The Penn Libraries’ historic collection of research material on German immigrants to Pennsylvania recently grew to include a set of nine German-language newspapers published in Philadelphia at the turn of the twentieth century. A generous gift of the German Society of Pennsylvania, this collection features some of the most notable German-language newspapers in the country. These include Philadelphia Demokrat, Neue Welt, Philadelphia Tageblatt, Philadelphia freie Presse, Philadelphia Morgen-Gazette, Philadelphia Schwäbischer Merkur, Schwäbischer Merkur, Philadelphia Sonntags Journal, and Volks-Stimme: das Socialistische Wochenblatt für die Ost-Staaten.
Spanning the period from the 1870s through World War I, the newspapers provide unique insight into the German immigrant community in Philadelphia and the origins of German-American identity. At that time, first- and second-generation Germans comprised as much as 12% of the city’s population. The papers are an essential source of information about the community’s social, cultural, political, economic, and labor relations, as well as about changes to its ethnic identity over time and through crisis. To maintain a German identity in a new country and, later, to create a new and distinctly hyphenated German-American identity, immigrants created institutions such as cultural organizations, unions, holidays, and memorial events. One of the most effective of these was the establishment of a German-language press. Not only did this serve to preserve the culture and perpetuate the language, it was also a vehicle for publicizing efforts to unify German-Americans culturally and politically. Ultimately, with the advent of World War I, the later issues of the collection record the decline in efforts to ennoble German-American culture.
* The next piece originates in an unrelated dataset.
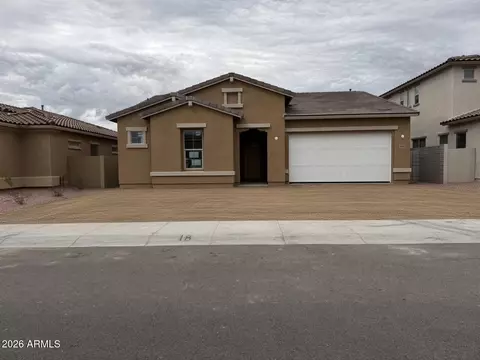 3040 N 202nd Gln, Buckeye, AZ 85396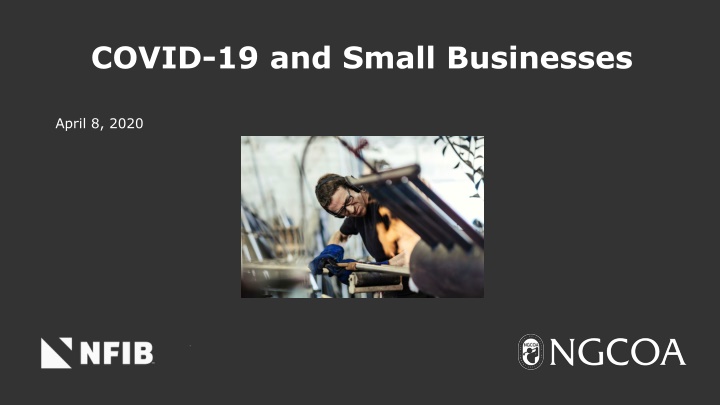 covid 19 and small businesses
Highlights of the collection include the Philadelphia Demokrat (1877-1907), the oldest-running daily German-language newspaper in Philadelphia, and the Philadelphia freie Presse (1877-1887), both of which provide insight into the identity and lifestyle of the middle-class German immigrants to America, their primary readership. Also of note, the Philadelphia Tageblatt (1879-1918) was an official organ of the German Social Democratic Workingmen’s Party and one of the most important German socialist publications in the country.
Much of the collection represents the last known copies extant in the world. To both preserve this extraordinary treasure for posterity and to make it broadly accessible to the public, the Penn Libraries plans to digitize the newspapers beginning in 2016. Title-level records are now available in the Libraries’ catalog, Franklin. The newspapers are available for viewing in the Kislak Center Reading Room upon request.